→ RECORDS TO PROCESS:

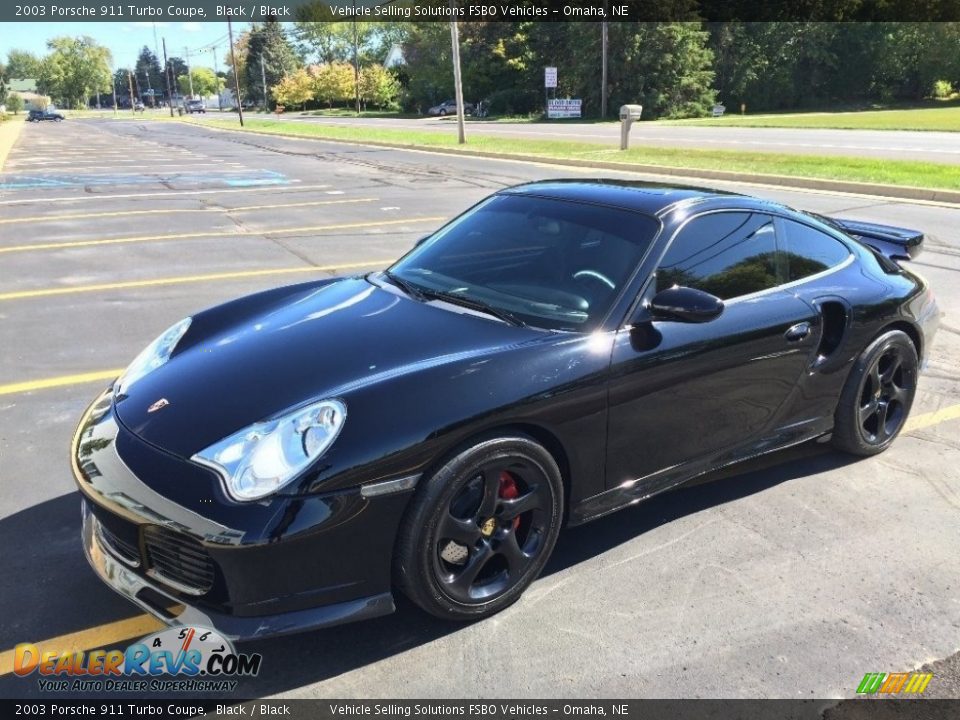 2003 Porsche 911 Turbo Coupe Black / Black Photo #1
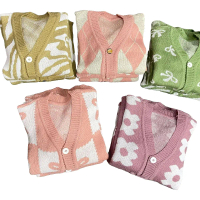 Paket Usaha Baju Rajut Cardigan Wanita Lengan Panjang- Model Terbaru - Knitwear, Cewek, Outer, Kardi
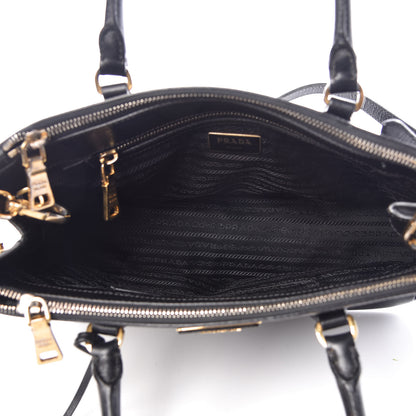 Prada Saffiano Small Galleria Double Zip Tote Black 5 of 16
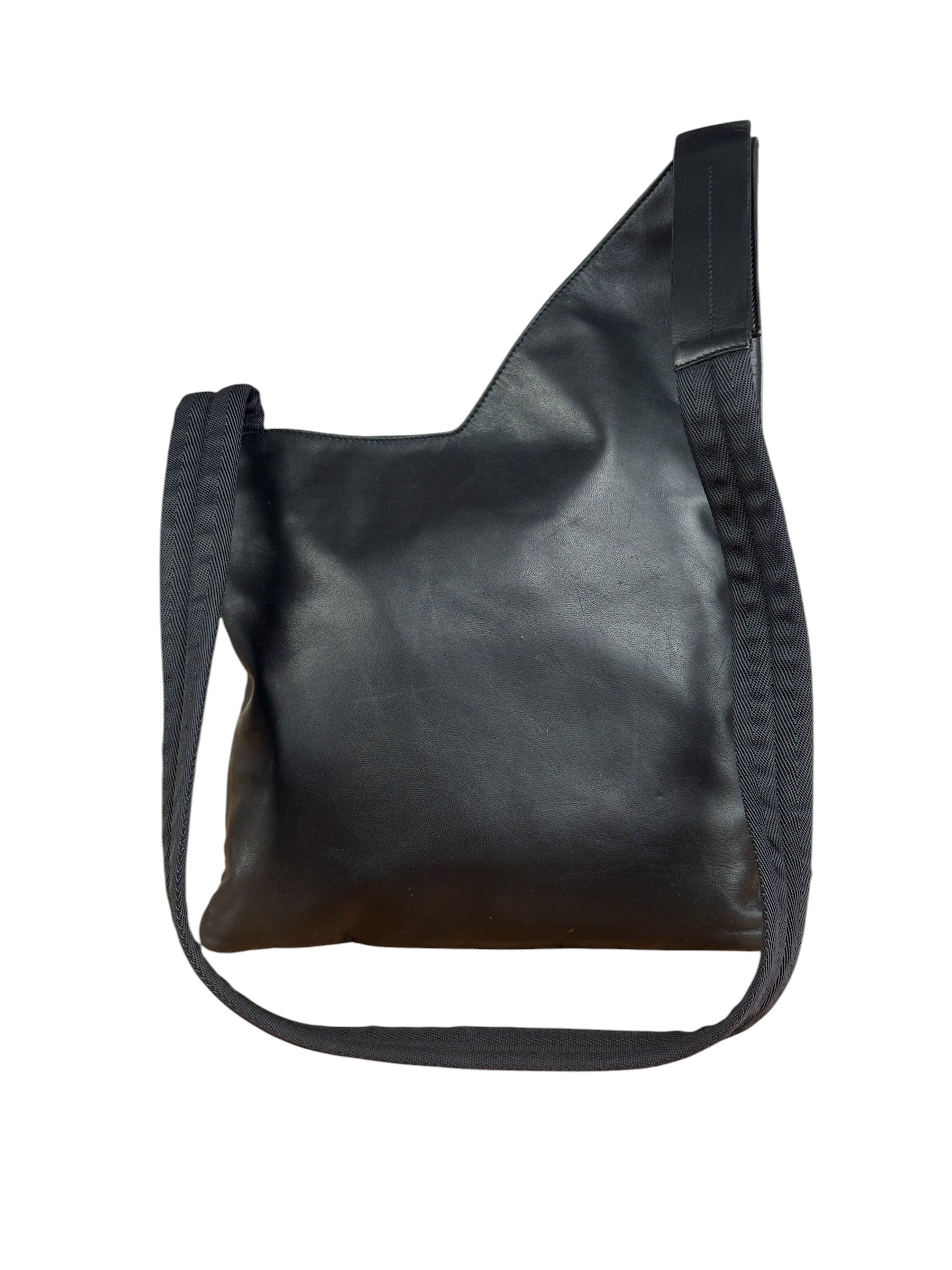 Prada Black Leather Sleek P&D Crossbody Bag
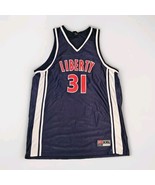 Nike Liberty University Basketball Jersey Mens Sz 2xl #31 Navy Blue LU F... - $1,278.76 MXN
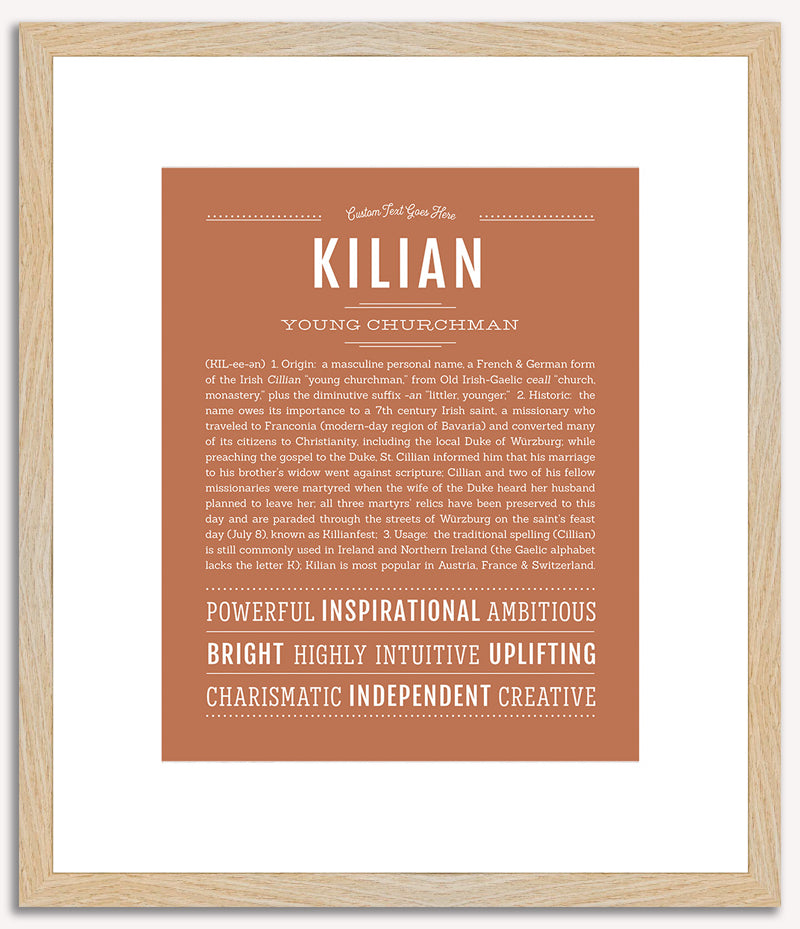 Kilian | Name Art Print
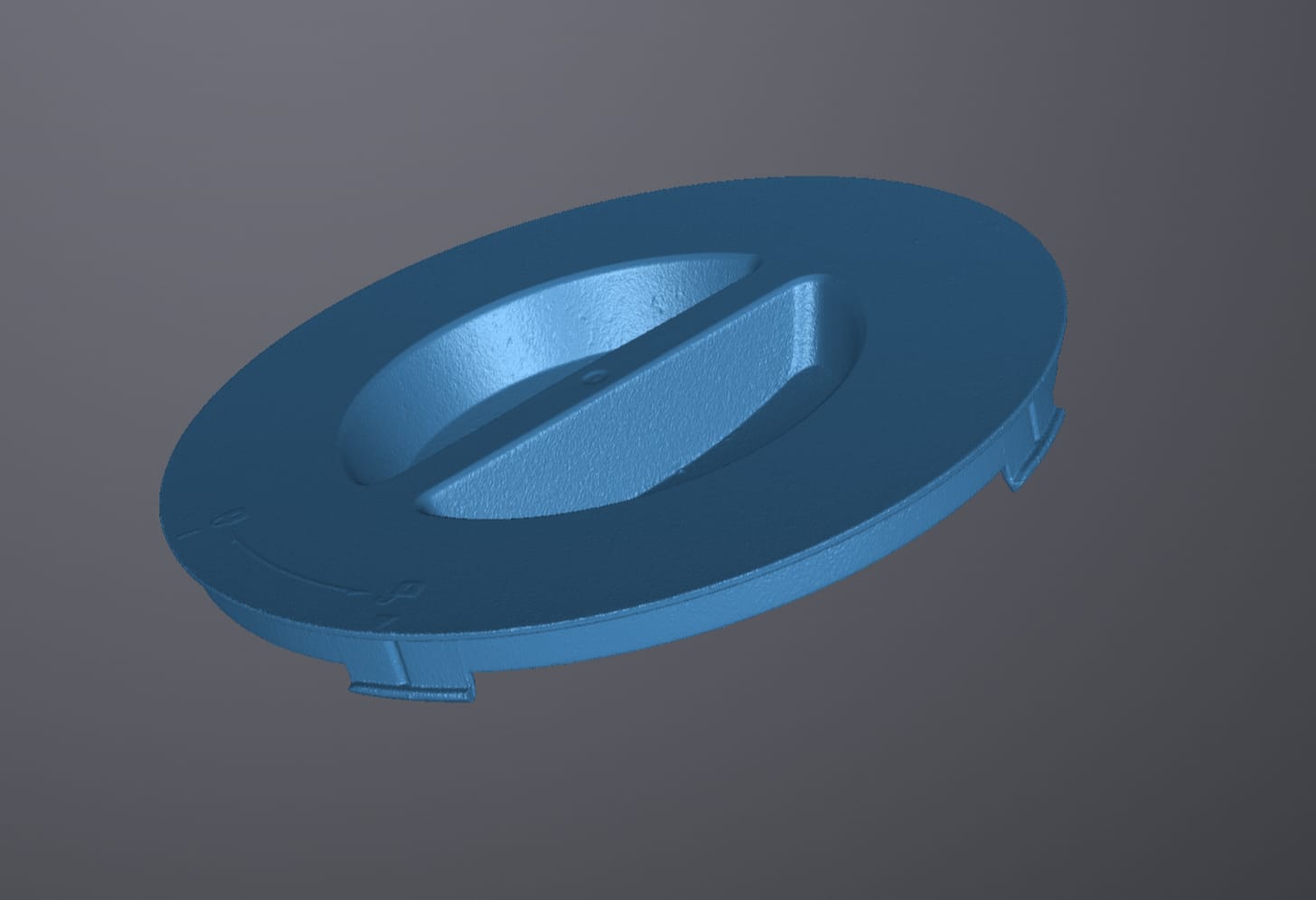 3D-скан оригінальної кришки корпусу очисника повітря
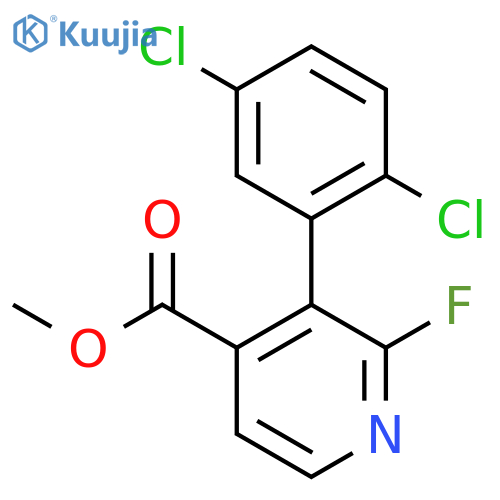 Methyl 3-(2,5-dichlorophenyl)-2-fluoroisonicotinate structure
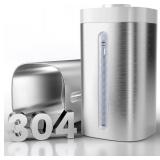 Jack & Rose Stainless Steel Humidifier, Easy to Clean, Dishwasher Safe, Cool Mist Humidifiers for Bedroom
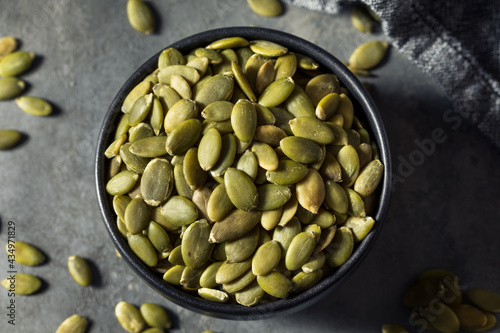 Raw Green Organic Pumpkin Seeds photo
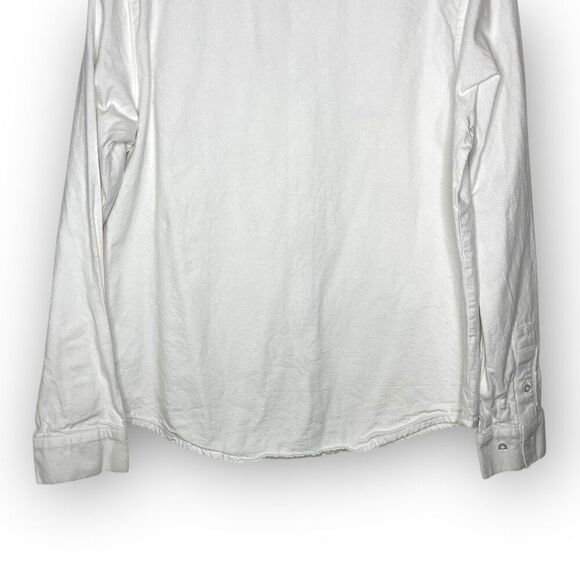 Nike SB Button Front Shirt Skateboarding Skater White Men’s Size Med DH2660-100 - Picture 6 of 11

→ EXERCISE INSTRUCTIONS:
From the first line to the last, repeat the records exactly. Leave out the pictures.

→ FINISHED TASK:
 2003 Porsche 911 Turbo Coupe Black / Black Photo #1
 Paket Usaha Baju Rajut Cardigan Wanita Lengan Panjang- Model Terbaru - Knitwear, Cewek, Outer, Kardi
 Prada Saffiano Small Galleria Double Zip Tote Black 5 of 16
 Prada Black Leather Sleek P&D Crossbody Bag
 Nike Liberty University Basketball Jersey Mens Sz 2xl #31 Navy Blue LU F... - $1,278.76 MXN
 Kilian | Name Art Print
 3D-скан оригінальної кришки корпусу очисника повітря
 Methyl 3-(2,5-dichlorophenyl)-2-fluoroisonicotinate structure
 Jack & Rose Stainless Steel Humidifier, Easy to Clean, Dishwasher Safe, Cool Mist Humidifiers for Bedroom
 Raw Green Organic Pumpkin Seeds photo
 Nike SB Button Front Shirt Skateboarding Skater White Men’s Size Med DH2660-100 - Picture 6 of 11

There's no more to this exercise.